RALEIGH, N.C. _ Not that anyone was really looking for Sebastian Aho to find another gear, but it turns out he might actually have one.
As good as Aho has been this season, as good as he has been in 2019, this was different. Playing the Hurricanes' Western Conference doppleganger, a team that like them has somehow come back from the playoff dead to storm up the standings, Aho _ and his linemates _ practically dragged the Hurricanes to a 5-2 victory over the St. Louis Blues on Friday.
From their opening shifts, the trio of Aho, Nino Niederreiter and Justin Williams were by far the best players on the ice, and were they ever rewarded. They pinned the Blues into their own end early to set the tone, then figured on all three goals _ Williams with a ripped shot from the top of the left circle, Niederreiter with a pass to set up Justin Faulk at the blue line, Aho with a stunning individual play to steal the puck from Blues goalie Jake Allen and score a short-handed wraparound.
Aho, who scored his first goal in eight games last time out against the Los Angeles Kings, drove the play all night. The Blues, not exactly short of firepower themselves, never could find an answer. It was the kind of take-no-prisoners individual performance which Aho has shown here and there, but perhaps never with such leverage at such a pivotal moment.

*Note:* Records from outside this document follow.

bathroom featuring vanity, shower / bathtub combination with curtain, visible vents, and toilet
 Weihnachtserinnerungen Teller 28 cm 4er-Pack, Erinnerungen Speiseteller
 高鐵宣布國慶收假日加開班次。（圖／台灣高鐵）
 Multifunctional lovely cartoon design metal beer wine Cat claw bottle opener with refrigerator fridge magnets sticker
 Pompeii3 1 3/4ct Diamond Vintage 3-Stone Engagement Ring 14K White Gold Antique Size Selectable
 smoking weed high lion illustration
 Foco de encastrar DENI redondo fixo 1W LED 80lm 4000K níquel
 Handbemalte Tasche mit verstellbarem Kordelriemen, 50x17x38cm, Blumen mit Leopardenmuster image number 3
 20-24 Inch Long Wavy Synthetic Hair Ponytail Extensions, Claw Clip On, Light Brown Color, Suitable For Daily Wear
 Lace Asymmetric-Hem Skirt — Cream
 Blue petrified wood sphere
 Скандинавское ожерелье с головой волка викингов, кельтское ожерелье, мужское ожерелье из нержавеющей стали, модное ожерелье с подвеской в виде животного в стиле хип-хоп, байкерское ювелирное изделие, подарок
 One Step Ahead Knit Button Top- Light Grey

With the Hurricanes in the most tenuous of playoff positions, controlling their destiny but with no margin for error, the Blues were the first of a series of formidable opponents ahead: at the Florida Panthers tomorrow, at the Boston Bruins (in Hartford Whalers gear) on Tuesday, Paul Maurice and the Winnipeg Jets here on Friday, followed by a Nashville-Colorado-Columbus road swing.
The Blues came in with the same 34-23-6 record as the Hurricanes, having rescued their season with a similarly strong 2019 to the Hurricanes, who are now 19-6-1 in the new year. Aho, obviously, has been a massive part of that, with 33 points in 26 games. So has Niederreiter since his Jan. 18 debut after arriving in the highway-robbery trade for Victor Rask, with 17 points in 18 games. With Williams closing in on his seventh 20-goal season, that line led the way on a night the Hurricanes lacked Calvin de Haan.
The Hurricanes also got a solid night in net from Curtis McElhinney and a triumphant insurance goal from Jordan Staal, his fifth point in three games since returning from a prolonged absence with a concussion _ and first goal since Nov. 1 _ while Andrei Svechnikov's empty-netter was his first goal in nine games.
To this point, Aho has been that rare player who delivers on expectations almost to the letter. Everything that was promised when he was in Finland has come to reality. His transition to North American hockey was smooth. He became an impact player as a sophomore. He has blossomed into a star this season. All as planned.
The question now, and no one has the answer, is where he goes from here. How much more does he have to offer? What is there inside Aho that no one has seen yet? If Friday is any indication, there is still unexplored potential there, a frightening thought considering just how good he has been this season _ and just how much money he has made for himself by deciding to bet on himself and play out the season instead of signing an extension over the summer.
There are going to be a lot of zeroes on that check.